Gooey in the middle because it’s half-baked, at best. I’m still assembling thoughts. But wanted to at least start hashing them out:

I remember that when I was taking workshops, the word “precious” was bandied about a lot. During college, where I took my first workshop, I learned quickly that this was a bad thing, a label you wanted to avoid. It was an outgrowth of sentimentality, a pox on a piece’s potential to achieve complexity. It fell into the realm of “commercial” writing, as opposed to “art”–and of course, most workshop teachers are fond of saying, at some point, that bit about the latter, about how we should leave the cliches and the jingles and the pat, happy endings to the masses at the marketplace, and work instead toward creating the starker, grittier, “more interesting” texts.

I have a lot of questions about this. And oh, the workshop parodies we could write (yawn, I know).

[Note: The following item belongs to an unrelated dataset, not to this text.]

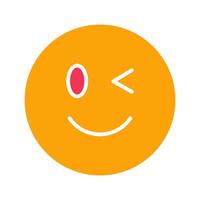 Winking Face Icon Design vector
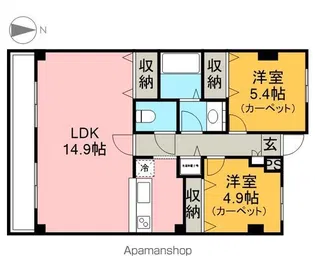 ホーユウパレス宇都宮【502号室】の間取り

But first, I thought a lot about this idea of what constitutes preciousness, of the provenance, even, of the word as a modern-day critique. It was Molière’s Les Précieuses ridicules that took aim at the preciousness of the witty salon ladies of 17th century France, whose word-games and love stories established préciosité as a rhetorical style. But in workshop parlance, the word generally delineates the writer’s attitude toward her or his work/characters/ending, etc. An attitude of italics. Where the moments are too emphatic, verging on fetishistic.

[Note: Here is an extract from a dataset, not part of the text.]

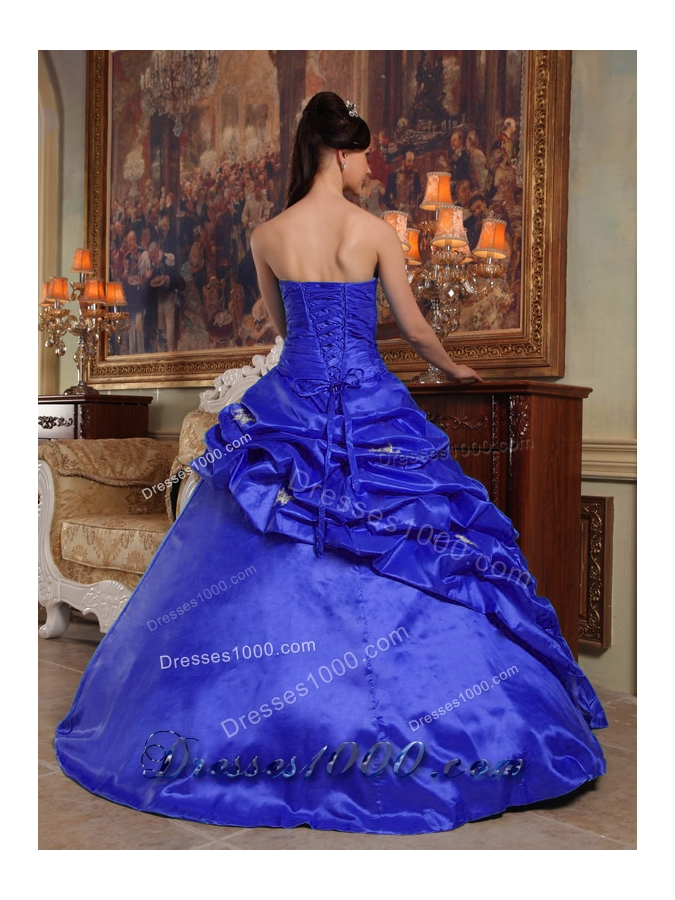 Most Popular Blue Sweetheart 2014 Quinceanera Dresses with Beading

So what would the counter-instinct be–more distance between the writer and the text? A nonchalance? An aversion to cloyingness, to prolonging the pain or the magic, to happily-ever-after? Because that seems just as prescriptive, just as simplistic. And if we’ve been inclined toward narrative theory, we know that any kind of explanation that hinges itself on claims of “reality”–i.e., I like terror/destruction/fragmentation because it’s closer to “real life”–is a bit suspect. Words on a page are thankfully about the farthest one can get from “real life,” whatever that is. But we look for it there anyway, hoping to confirm or disprove our suspicions or beliefs, or else to get taken far away from them, to some wild elsewhere. So if it’s escape that we’re after–and so many of us who read are–is there one mode of creating it that’s patently better/”more interesting” than another?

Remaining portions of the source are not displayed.